==== Material to process ====

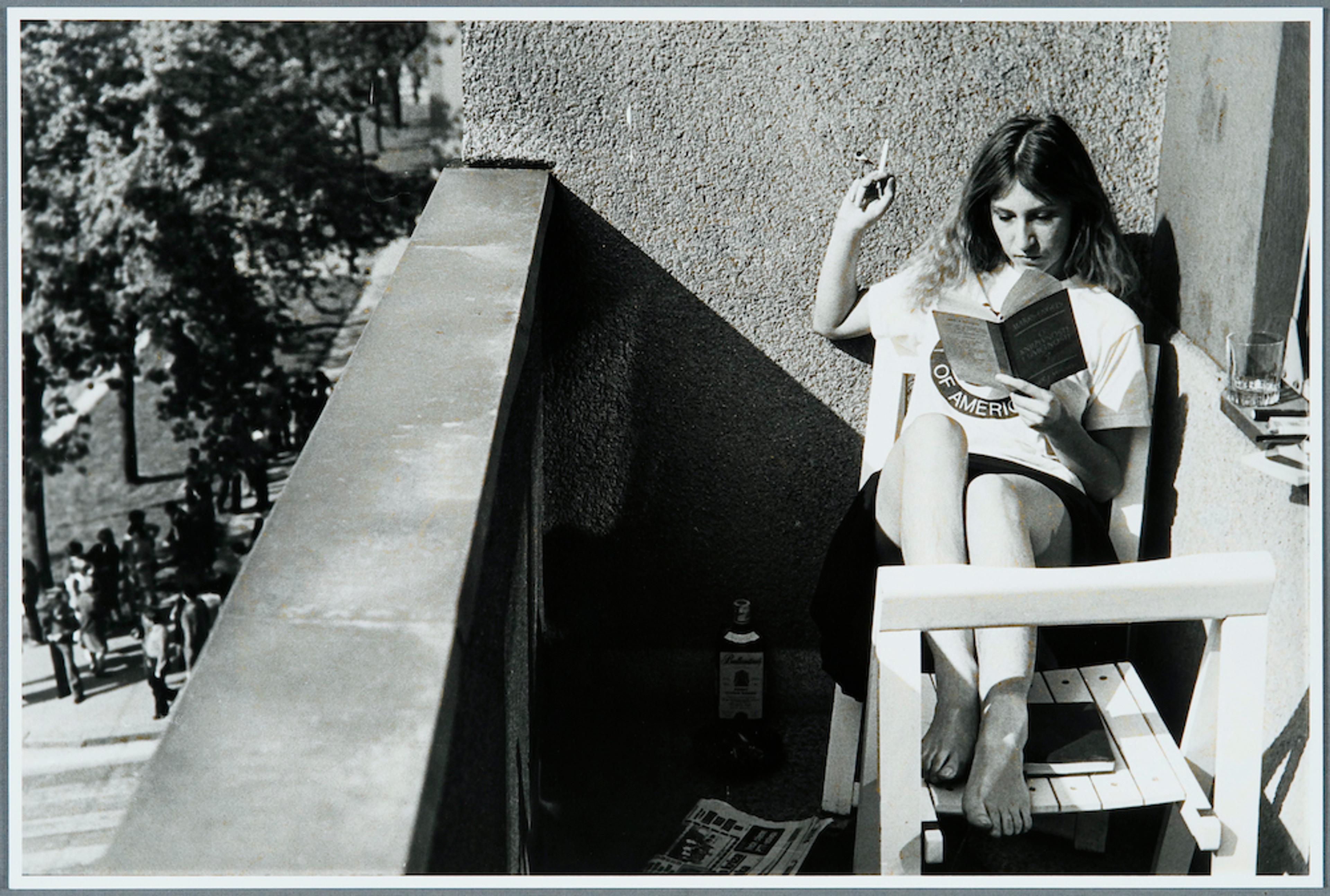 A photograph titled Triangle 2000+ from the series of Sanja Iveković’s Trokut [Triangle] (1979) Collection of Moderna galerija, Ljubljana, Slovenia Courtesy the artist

====
==== Material to process ====

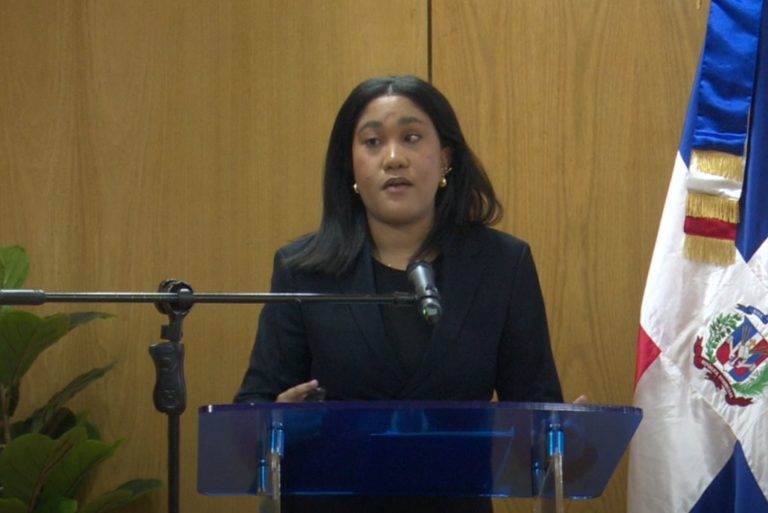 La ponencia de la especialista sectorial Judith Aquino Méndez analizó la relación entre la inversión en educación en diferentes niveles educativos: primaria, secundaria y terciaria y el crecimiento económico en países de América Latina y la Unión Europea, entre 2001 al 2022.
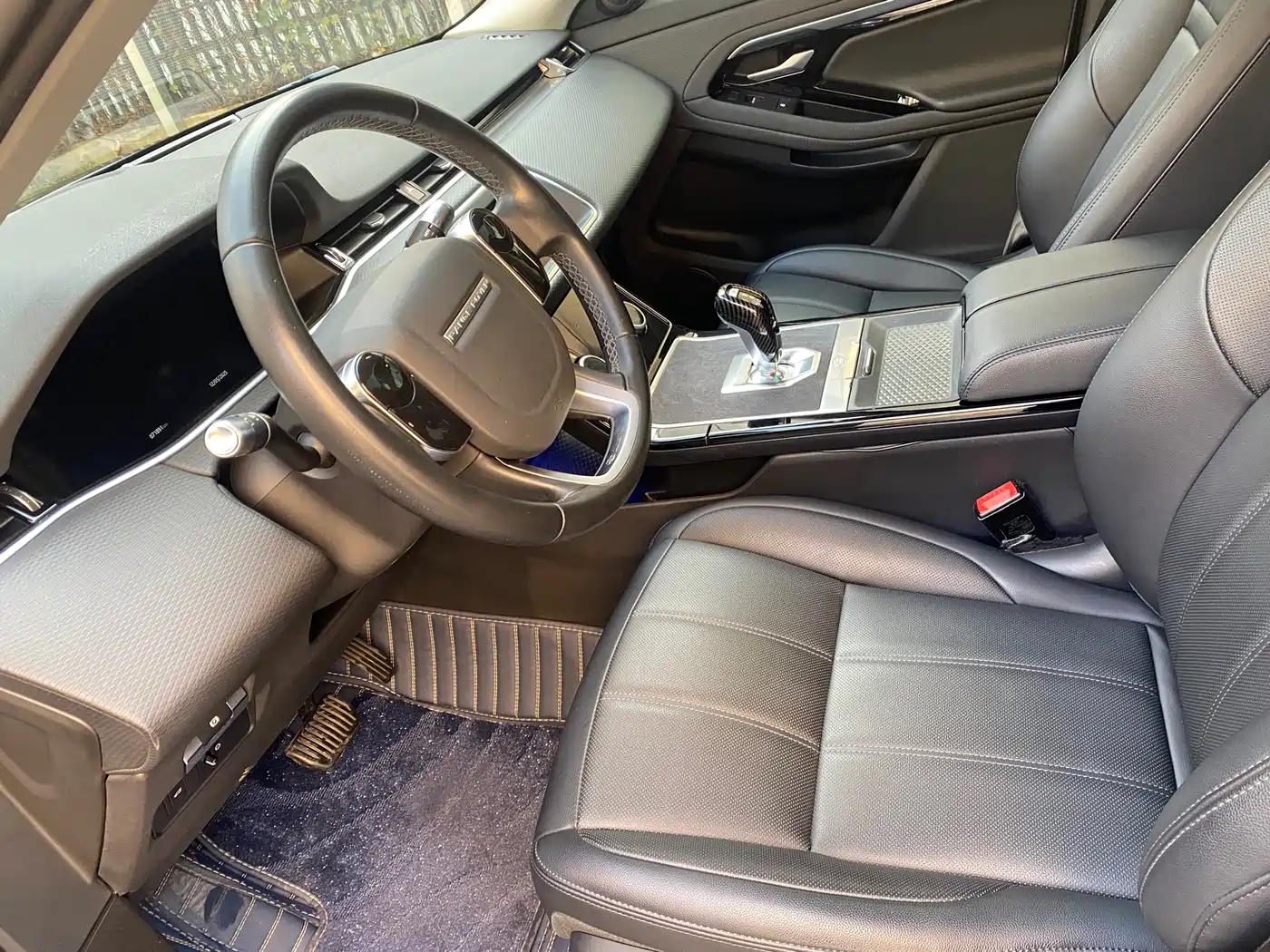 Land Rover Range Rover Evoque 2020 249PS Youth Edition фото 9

====

About this exercise >> Every line from the one with "La ponencia de" through the one with "Land Rover Range" is to be reproduced exactly as written above, and the pictures are to be dropped.

Response to this exercise >>
 La ponencia de la especialista sectorial Judith Aquino Méndez analizó la relación entre la inversión en educación en diferentes niveles educativos: primaria, secundaria y terciaria y el crecimiento económico en países de América Latina y la Unión Europea, entre 2001 al 2022.
 Land Rover Range Rover Evoque 2020 249PS Youth Edition фото 9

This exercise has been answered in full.